There are some other more subjective reasons for racing a Suzuki 500. These include the fact that the Suzuki 500, despite being a two-stroke, was a firm favourite among many motorcyclists due to its traditional appearance, its low revving torquey power delivery, stable road-holding and its proven touring ability. As a big twin (for the time) it didn't make the screaming howl typical of two- strokes of the time; but had a less offensive rumbling exhaust accompanied by a deep induction note. Admittedly when the motor was worn and hot one could be forgiven for thinking that a few nuts and bolts had found their way into the combustion chamber, particulary on the overrun.
Getting into racing. Once you have bought your bike, before modifying it for racing, you should approach your local Historic Competition Motorcycle Club or Post-classic Racing Club and get to know a few people who share your interest. If you ride a Suzuki it may be hard to find anyone to talk to at first; but undoubtably, the scruffy looking chap up the back whose job it is to clean the Club toilet block will be a Japanese bike rider. Whilst at first he will cringe in fear from you (due to his expecting you to hit and spit upon him) once he knows that you want to talk to him about Japanese bikes and in particular, racing one, he will be your friend for life. Other handy allies can be the lonely souls who ride two-strokes be they Ariel Leader, CZ, Bantamn, Yamaha, Ossa or even Bultaco owners. Always pretend that you know nothing about racing and anything mechanical (something that comes naturally to me) and be prepared to discard most of the advice you receive as being deliberately mis-leading or an attempt to "psych you" out of contention. Gain their trust with generous profferings of port (any brand will do), praise their choice of machinery and compliment profusely their on-track riding skills. Even if you have never heard of them, tell them how you still remember how they made that brilliant passing move, on the Lambretta, on Geoff Duke back in 1956 at the Mooliabeenie Airstrip Grand Prix or there-abouts; drop a few names and mention how inspired you were when you saw their picture in this magazine only last month.

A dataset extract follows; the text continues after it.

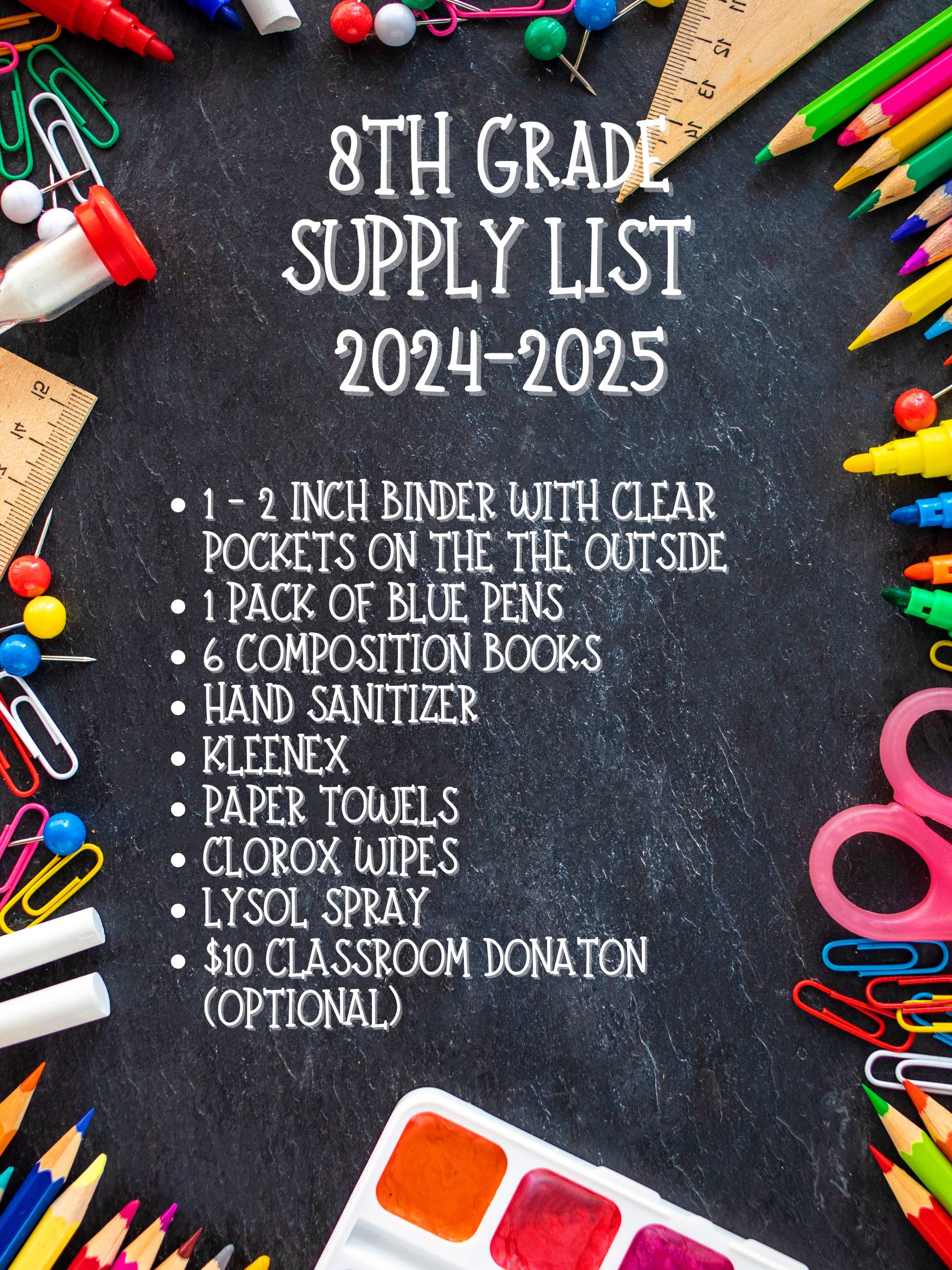 8th grade Supply List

Even if they know you're lying, most bike- racers will be too conceited to tell you.
Having gained a modicum of respect through this means and having proved that you can exaggerate with the best of them you will probably be asked to prove your committment to the sport by putting your money where your mouth is! If you are like me and carry your wallet in your back pocket comfortably nestling against your right cheek, then this is a far better proposition than putting your mouth where your money is!
If, so far, you have escaped having to buy a lottery ticket for $500 of woman's underwear sourced from the Club President's Lingerie Shop or a raffle ticket for a Club T-shirt two sizes too small, then do not despair for the Club Treasurer has the happy knack of never forgetting a face and will pin you down for ever more.
First expense for most is the Club fees, these are generally modest (as the best is yet to come) and may include a joining fee to cover the cost of writing your name in the address book. Club fees normally are no more than A$40 for the year and this entitles you to call yourself a Clubman in public and to a Club newsletter every month. As a Clubman you are entitled to apply for a competition license. A concessional license allows you to enter Club events and tuning days. The license fee includes compulsory accident insurance. If you wish to ride at Open events with other Clubs then you will need a full Competition license. Your application must be accompanied by a significant donation, a pair of passport photos and have the imprimateur of the Club Secretary. Normally a concessional or a full license will not be approved by the Club Secretary until you have proven on at least two tuning days that you have a degree of riding skill, understand the flags and have a modicum of on- track courtesy.
If you haven't already done so you will need to buy an ACCA approved helmet ($450 should do, gloves and boots and a set of approved racing leathers. Leathers can be either one piece or two-piece; but if they are two piece they must zip together and zip close at the wrist and ankle plus have a velcro fastener at the neck. Fancy leathers with suitable padding and elbow and knee protection can be bought new for between $800 to $1000+; however secondhand leathers with the odd battle scar can be found in the classifieds for $200 to $600 depending on condition and the amount of flashy leatherwork on them.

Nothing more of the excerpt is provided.